── DATASET EXCERPT ──

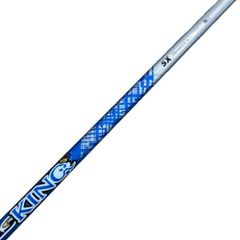 UST Mamiya ATTAS KING 5SXシャフト ドライバー - メルカリ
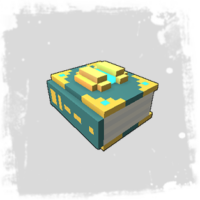 Trove 10000x Plasmium (Trove – PC/Mac)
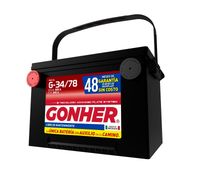 Imagen en miniatura del producto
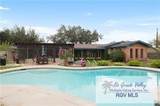 505 Esperanza Ave. - Photo 21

───

◆ HOW TO COMPLETE THIS TASK: Only the text of the listing above is wanted, transcribed exactly, without its images.

◆ EXERCISE ANSWER:
 UST Mamiya ATTAS KING 5SXシャフト ドライバー - メルカリ
 Trove 10000x Plasmium (Trove – PC/Mac)
 Imagen en miniatura del producto
 505 Esperanza Ave. - Photo 21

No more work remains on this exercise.